Saper osservare l’interlocutore, percependo il suo linguaggio non verbale, la sua mimica, il suo tono di voce, i suoi modi di dire, le sue inflessioni, le sue pause, favorisce la concentrazione e quindi anche il sistema di ascolto. Un altro elemento fondamentale che favorisce l’ascolto attivo è la capacità di fare domande aperte o alternative o di verifica o di chiarimento. In questo modo si entra in empatia e non in simpatia con l’interlocutore.
Empatia e simpatia
Empatia e simpatia sono due termini profondamente differenti.
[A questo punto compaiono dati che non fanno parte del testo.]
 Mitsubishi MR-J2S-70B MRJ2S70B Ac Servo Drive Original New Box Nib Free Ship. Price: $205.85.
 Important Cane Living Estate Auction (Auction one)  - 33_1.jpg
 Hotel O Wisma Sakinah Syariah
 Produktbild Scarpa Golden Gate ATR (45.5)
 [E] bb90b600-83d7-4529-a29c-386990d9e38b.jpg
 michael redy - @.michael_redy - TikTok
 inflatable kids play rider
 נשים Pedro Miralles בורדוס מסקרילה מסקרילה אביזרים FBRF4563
La simpatia ci porta ad immedesimarci nell’altro anche se non stiamo provando nel nostro vissuto la stessa emozione. Per fare un esempio acustico diventiamo come un corpo che sollecitato dalle vibrazioni di un corpo vicino, vibra a sua volta.
La simpatia per quanto immediata e spontanea, non favorisce l’ascolto attivo perché porta a mescolare i propri confini con quelli dell’altro ed anche a “dare ragione” all’altro senza offrire all’interlocutore un punto di vista personale che possa aiutarlo ad uscire da un momento di difficoltà.
L’empatia è l’abilità di percepire e sentire direttamente le emozioni di un’altra persona così come lei le sente, indipendentemente dal condividere la sua visione delle cose o l’esperienza che sta vivendo. Il significato etimologico del termine è “sentire dentro”, una sorta di capacità di “mettersi nei panni dell’altro”. Riconoscere le emozioni dell’altro consente l’ascolto attivo e permette un modo di comunicare nel quale il ricevente mette in secondo piano il suo modo di percepire la realtà per cercare di far risaltare in sé stesso le esperienze e le percezioni dell’interlocutore. Ciò facilita la comunicazione e lo scambio profondo.
Una carrellata per entrare in confidenza, per stimolare la curiosità, per creare lo spazio di un dialogo.
Voglio mettere a disposizione la mia professionalità per aiutare chi come me in un momento di difficoltà si è rivolto ad una counselor, ed ha scoperto un mondo ed un modo di vivere che le ha permesso di migliorare la qualità della sua vita.